===== Recorded information =====

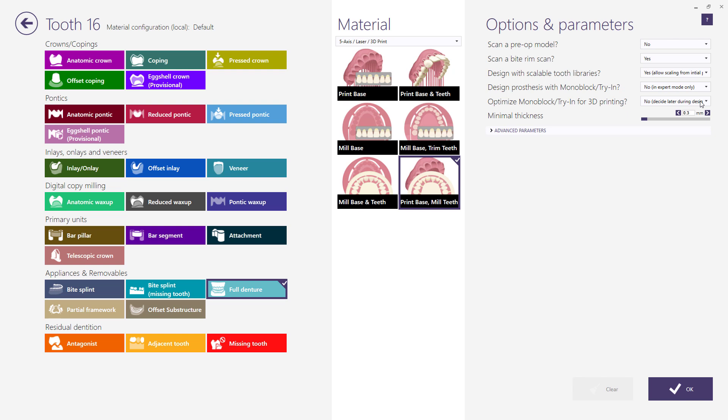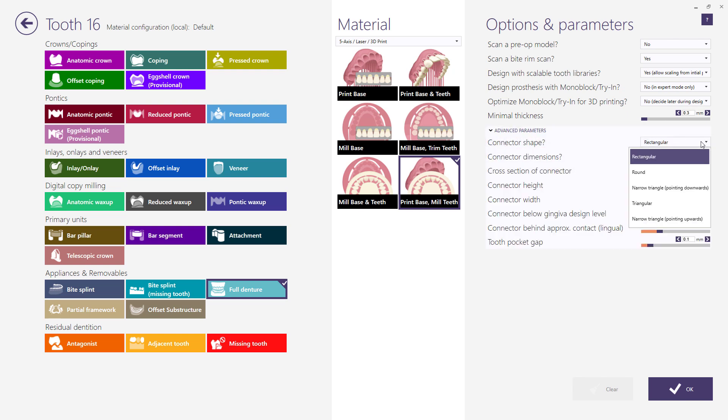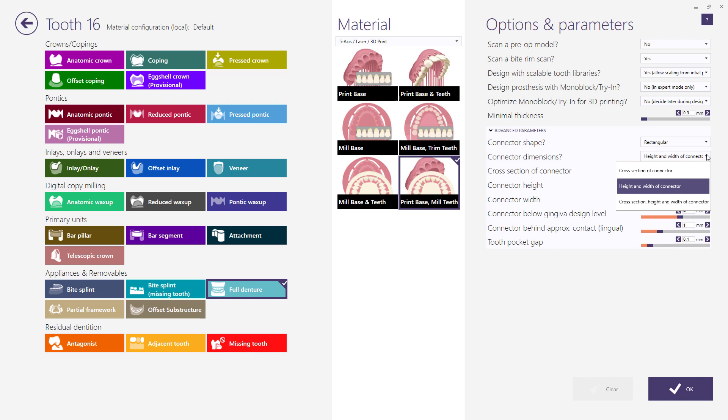Other parameters such as connectors shape and dimensions can be changed under advanced parameters. Connectors are available for material depending whether teeth will be milled or printed but not for stock denture teeth.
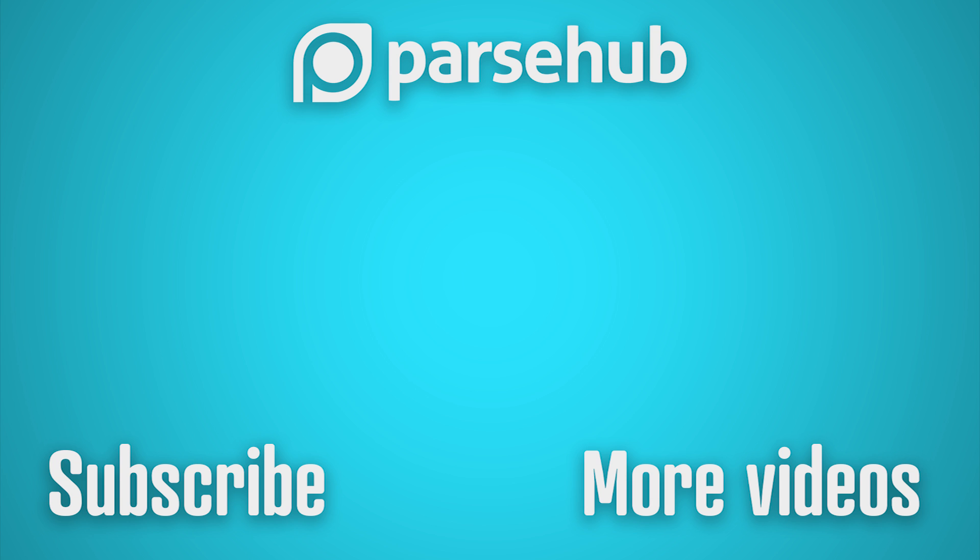Thanks for watching our video. If you want to learn more about web scraping, check us out at parsehub.com and subscribe to our YouTube channel for more videos on web scraping, data, and the internet.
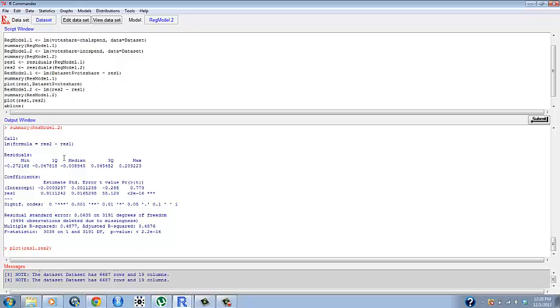abline is really smart and can take a number of inputs. So all we have to do to plot the abline through there is put in the name of the model that has the linear regression. So in this case resmodel.2 is what we want to do.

=====

• **Directions**:
Give back word for word the lines from the one containing "Thanks for watching" through the final line of the data above. Pictures are to be left out.

• **Problem solution**:
Thanks for watching our video. If you want to learn more about web scraping, check us out at parsehub.com and subscribe to our YouTube channel for more videos on web scraping, data, and the internet.
abline is really smart and can take a number of inputs. So all we have to do to plot the abline through there is put in the name of the model that has the linear regression. So in this case resmodel.2 is what we want to do.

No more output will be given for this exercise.